Between the mid-1930s and the end of the Second World War, hundreds of thousands of Sinti and Roma (“Gypsies”) fell victim to the genocidal policies of the Nazi regime and its allies.

The photographs were taken mainly in and around Dessau-Rosslau, Anhalt, between 1932 and 1939, by the photojournalist Hanns Weltzel. Weltzel took a keen interest in these marginalised people and formed close relationships with them, documenting their lives both on film and in print. Through his contact with members of the Gypsy Lore Society, based in Liverpool, a number of his pictures came to be in the UK.

Taken at a time when the Nazi regime was already persecuting “Gypsies”, Hanns Weltzel’s photos show a mutual respect between photographer and subjects, in sharp contrast to the state propaganda designed to represent Sinti and Roma as criminal and workshy.

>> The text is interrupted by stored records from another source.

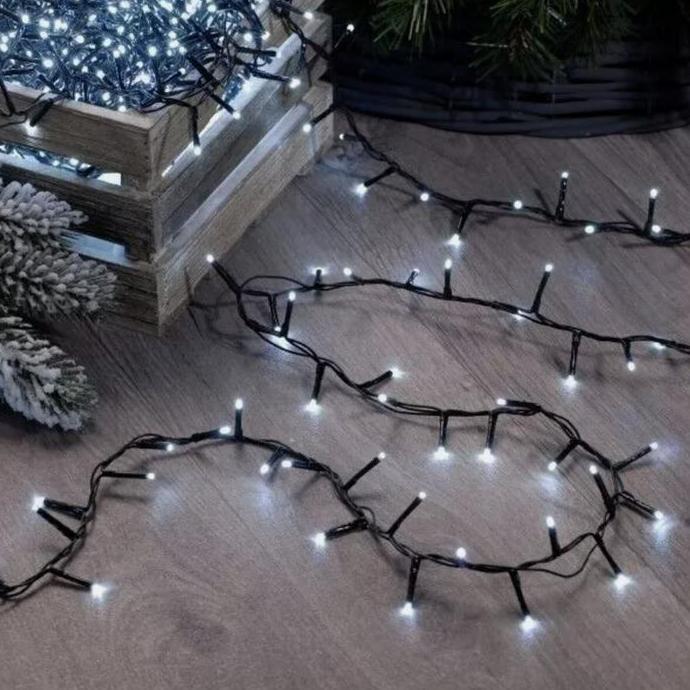 Lampu Natal Led 100 Lampu Clear Putih Kualitas -Lampu Pohon Natal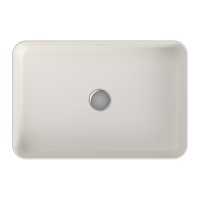 Раковина BERGES Ego SL накладная, 55x38 см, матовый белый, без отверстия под смеситель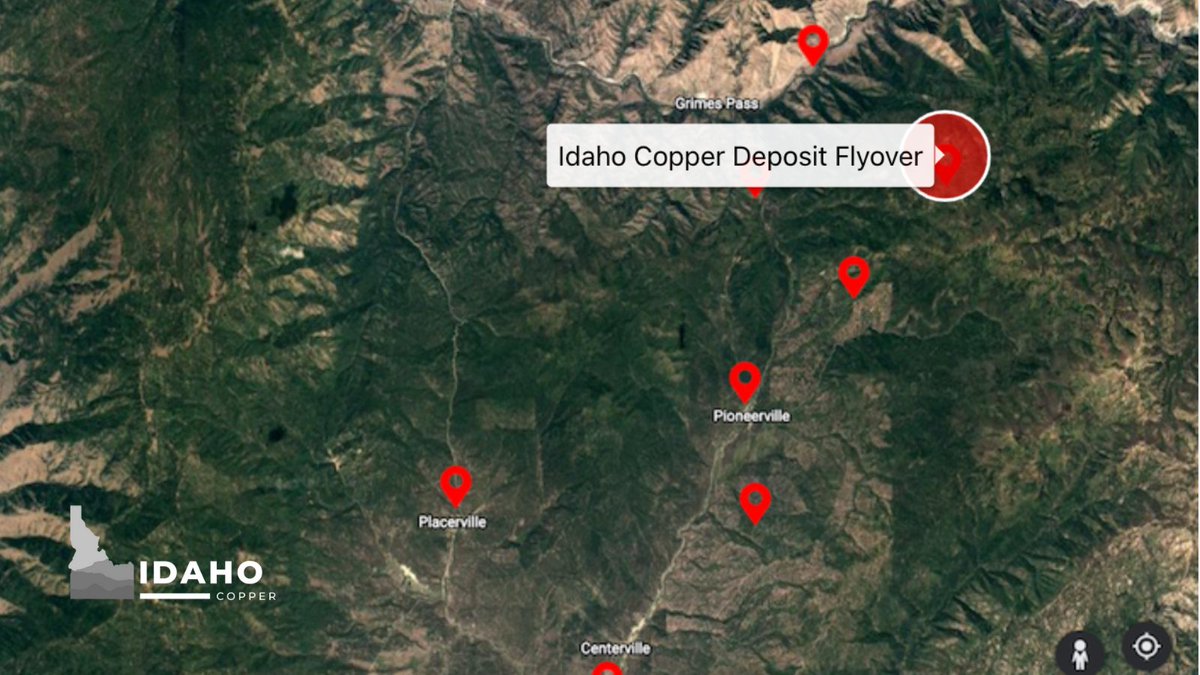 idahocoppercorp's tweet photo. Ever wondered what our CuMo deposit and the surrounding areas look like? Now you can take a virtual tour via our interactive map and enjoy an aerial view. 🌎
↳ https://t.co/jiKynVwqiA
$COPR #IdahoCopper #CuMoProject #mining #copper #juniormining #criticalmetals https://t.co/7zotN4nOUa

They are intimate documents of daily life, work and leisure, of normality sustained against a backdrop of ever-worsening living conditions.

In 1943, the people in Weltzel’s photographs were among the first to be deported en masse to the “Gypsy Family Camp” in Auschwitz-Birkenau, following years of harassment, internment and abuse. Though often horrifying and tragic, their stories also include examples of courage and survival, of resistance and escape. In this sense, they are representative of the wider experience of the genocide of Europe’s Sinti and Roma between the 1930s and 1945.